Legal Landmark: Bahrain Recognizes Sex Change

Arab nation recognizes an intersexual as a man after operation.

DUBAI, UAE, June 19, 2008— -- It took Zainab Rabie three years to become a man as the law would have it.

After a long legal battle, the Arab island country of Bahrain finally recognized Rabie, 34, as a man. Rabie was born an intersexual, with anatomy that is characteristically both male and female.

Rabie was raised as a girl but always sensed there was something wrong with that identity; Rabie never got periods and mixed more easily with boys than with girls in the schoolyard.

Rabie got married at age 25. But after the wedding, when they were ready to consummate their union, Rabie's new husband was shocked by what he discovered.

"I actually found out on my wedding night and my husband took me to several hospitals where they ran checks on me and declared that I was actually a man," Rabie told Bahrain's Gulf Daily News.

The couple separated soon after the wedding.
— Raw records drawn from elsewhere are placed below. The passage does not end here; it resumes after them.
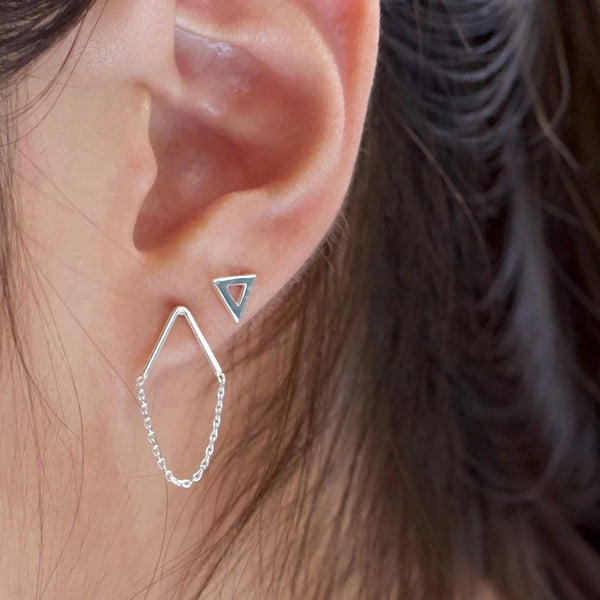 FE0140 925 Sterling Silver chevron chain Stud Earrings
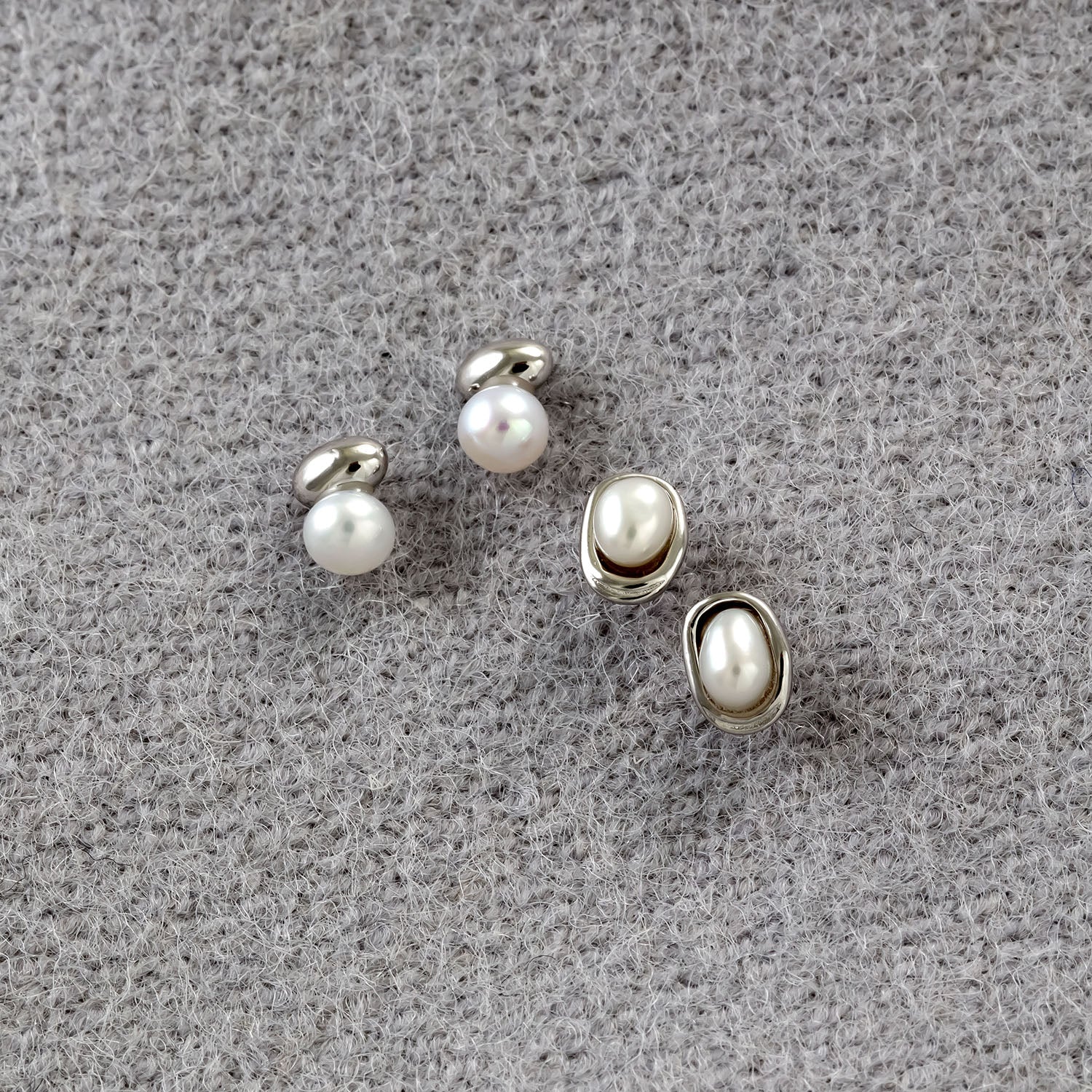 Sterling Silver Pebble and Rounded Freshwater Pearl Stud Earrings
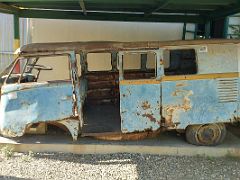 07B The courtyard contains the rusted-out carcass of a VW bus that belonged to the Wailers in the 1960s Trench Town Culture Yard Kingston Jamaica 16-4-9,9,0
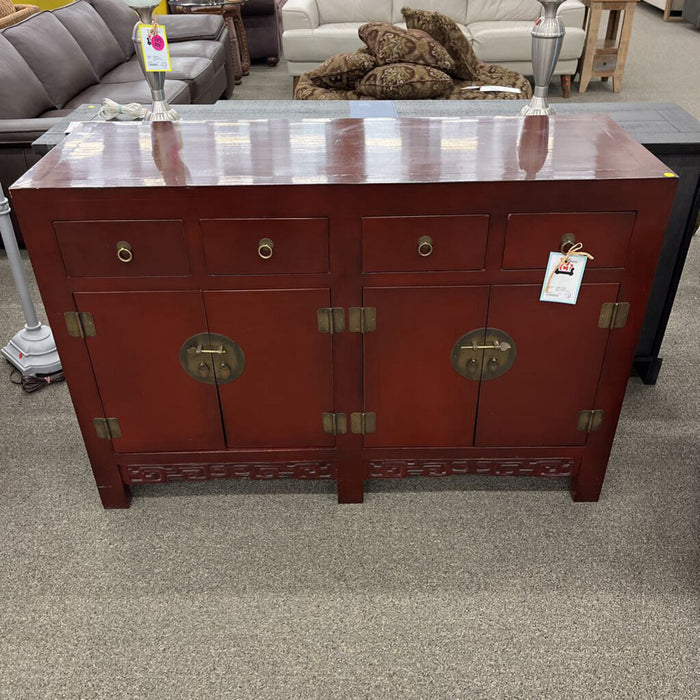 Wine Lacquer Asian Style Chest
Rabie flew to Thailand for a sex change operation and began a three-year legal fight to be recognized as a man. That battle ended Wednesday, when Bahrain's High Civil Court changed Rabie's legal identity from female to male.

"People around me always treated me like a female, but I always felt otherwise. I used to wear the abaya and the hijab before the court case," Rabie said of the traditional black robe and veil worn by women in Gulf Arab countries.

"I'm so happy and relieved that they ruled in my favor because this has been a long journey, and it's finally over," he said to Gulf Daily News.

Rabie is not the first intersexual to win a court case in Bahrain; there was a similar case in 2005. But in a region where homosexuality is illegal and gender identities rigid, intersexuals have a hard fight. In Gulf Arab countries, gays and lesbians keep a low profile, otherwise risking legal or social censure.

"It's very difficult in the Gulf," Rabie's lawyer, Fouzia Janahi, told ABC News. "Islam rules that we're not allowed to change our sex, but they have a problem; they have both sexes."

Janahi said that the Bahraini courts needed medical documentation proving Rabie wasn't a woman before approving the sex change on paper.

Janahi represents cases in Qatar, Kuwait, Saudi Arabia and Abu Dhabi, each place with different rules for gender reassignment. In Saudi Arabia, the law dictates that authorities must issue a fatwa, or religious ruling, to allow the switch.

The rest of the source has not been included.